*Information shown*.
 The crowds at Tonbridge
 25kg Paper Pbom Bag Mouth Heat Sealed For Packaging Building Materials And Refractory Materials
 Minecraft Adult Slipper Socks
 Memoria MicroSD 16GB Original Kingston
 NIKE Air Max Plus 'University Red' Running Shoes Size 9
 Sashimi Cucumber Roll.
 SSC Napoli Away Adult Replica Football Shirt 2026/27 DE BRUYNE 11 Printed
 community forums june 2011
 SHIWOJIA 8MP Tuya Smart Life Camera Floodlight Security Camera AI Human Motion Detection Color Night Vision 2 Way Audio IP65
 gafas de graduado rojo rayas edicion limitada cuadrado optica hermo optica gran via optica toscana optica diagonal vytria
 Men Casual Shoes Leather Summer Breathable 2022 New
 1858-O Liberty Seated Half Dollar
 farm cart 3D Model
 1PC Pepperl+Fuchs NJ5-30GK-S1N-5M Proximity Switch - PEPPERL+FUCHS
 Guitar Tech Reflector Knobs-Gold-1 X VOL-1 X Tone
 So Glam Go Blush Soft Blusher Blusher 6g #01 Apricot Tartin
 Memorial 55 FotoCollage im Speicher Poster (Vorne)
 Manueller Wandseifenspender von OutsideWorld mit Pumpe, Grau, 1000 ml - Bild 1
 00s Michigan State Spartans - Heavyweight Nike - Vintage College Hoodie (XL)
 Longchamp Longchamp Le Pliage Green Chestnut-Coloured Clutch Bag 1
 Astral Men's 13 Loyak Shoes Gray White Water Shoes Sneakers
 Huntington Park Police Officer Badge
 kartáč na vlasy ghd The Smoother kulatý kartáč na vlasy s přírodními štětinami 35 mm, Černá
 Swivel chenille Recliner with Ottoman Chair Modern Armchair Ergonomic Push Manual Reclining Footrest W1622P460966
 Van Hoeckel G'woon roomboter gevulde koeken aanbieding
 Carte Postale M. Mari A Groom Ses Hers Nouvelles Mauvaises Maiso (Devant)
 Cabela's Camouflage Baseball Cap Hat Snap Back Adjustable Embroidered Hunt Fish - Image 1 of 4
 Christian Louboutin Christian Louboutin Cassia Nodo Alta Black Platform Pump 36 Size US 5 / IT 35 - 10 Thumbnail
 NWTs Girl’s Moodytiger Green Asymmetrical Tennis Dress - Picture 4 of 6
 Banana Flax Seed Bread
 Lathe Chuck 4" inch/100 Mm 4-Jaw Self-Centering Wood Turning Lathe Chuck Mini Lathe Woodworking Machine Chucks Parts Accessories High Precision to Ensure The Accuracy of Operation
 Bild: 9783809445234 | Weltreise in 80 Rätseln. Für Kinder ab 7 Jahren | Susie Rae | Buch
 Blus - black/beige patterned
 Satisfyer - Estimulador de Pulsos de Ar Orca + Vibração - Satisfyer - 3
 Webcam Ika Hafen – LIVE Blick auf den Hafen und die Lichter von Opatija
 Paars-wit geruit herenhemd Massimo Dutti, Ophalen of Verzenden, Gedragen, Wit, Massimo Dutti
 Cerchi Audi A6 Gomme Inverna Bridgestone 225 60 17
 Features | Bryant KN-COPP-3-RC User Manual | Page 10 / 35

*Your instructions*. Your task is to transcribe, with no changes, only the lines of the listing above that lie between the line holding "1PC Pepperl+Fuchs NJ5-30GK-S1N-5M" and the line holding "Astral Men's 13", inclusive.

*Solution for this task*.
 1PC Pepperl+Fuchs NJ5-30GK-S1N-5M Proximity Switch - PEPPERL+FUCHS
 Guitar Tech Reflector Knobs-Gold-1 X VOL-1 X Tone
 So Glam Go Blush Soft Blusher Blusher 6g #01 Apricot Tartin
 Memorial 55 FotoCollage im Speicher Poster (Vorne)
 Manueller Wandseifenspender von OutsideWorld mit Pumpe, Grau, 1000 ml - Bild 1
 00s Michigan State Spartans - Heavyweight Nike - Vintage College Hoodie (XL)
 Longchamp Longchamp Le Pliage Green Chestnut-Coloured Clutch Bag 1
 Astral Men's 13 Loyak Shoes Gray White Water Shoes Sneakers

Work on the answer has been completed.